Na mecânica quântica, o papel de i é ainda mais profundo. O estado de um sistema quântico é descrito por uma função de onda complexa, cujo módulo ao quadrado fornece probabilidades observáveis. A unidade imaginária aparece na própria equação fundamental da teoria, a equação de Schrödinger. Sem i, não haveria interferência, não haveria tunelamento, não haveria a estrutura ondulatória que define o mundo quântico. O “imaginário” tornou-se parte da gramática do real microscópico.
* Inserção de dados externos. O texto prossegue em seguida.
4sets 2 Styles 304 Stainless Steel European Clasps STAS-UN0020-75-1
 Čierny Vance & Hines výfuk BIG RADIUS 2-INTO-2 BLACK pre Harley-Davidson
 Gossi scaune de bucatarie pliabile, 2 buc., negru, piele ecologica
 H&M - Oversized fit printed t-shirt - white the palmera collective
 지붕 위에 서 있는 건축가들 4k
A revolução digital também corre sobre trilhos complexos. A Transformada Rápida de Fourier (FFT), base da compressão de áudio, imagem e vídeo, opera inteiramente no domínio dos números complexos. Sistemas modernos de telecomunicação usam constelações de pontos no plano complexo para codificar e transmitir informação. O universo aparentemente mais concreto da vida cotidiana — telas, sons, dados — depende silenciosamente da aritmética de √-1.

Até mesmo as fronteiras abertas da matemática continuam ancoradas nesse território. A Hipótese de Riemann, talvez o problema mais famoso ainda sem solução, trata dos zeros de uma função complexa, a função zeta de Riemann. Sua eventual resolução promete iluminar a distribuição dos números primos e aprofundar conexões entre análise, aritmética e física teórica.

Uma invenção consistente

A trajetória de √-1 vai da “tormenta mental” de Cardano ao coração da física e da tecnologia contemporâneas. O que começou como um artifício desconfortável, um símbolo tolerado com relutância, revelou-se uma das ideias mais férteis já concebidas.

Há aqui uma lição sobre como a matemática avança. Ela frequentemente introduz entidades que parecem, à primeira vista, meras ficções formais. Mas, quando essas invenções são consistentes, estruturadas e extraordinariamente eficazes para organizar fenômenos, elas ganham um tipo de realidade que não depende de intuição imediata. O universo, por assim dizer, mostra-se surpreendentemente receptivo às construções da imaginação disciplinada.

Quando um estudante hoje hesita diante do i, ele revive, em escala reduzida, a perplexidade de Cardano. A diferença é que a história já pronunciou seu veredito: o imaginário não era um erro de percurso. Era o portal para uma camada mais profunda do real.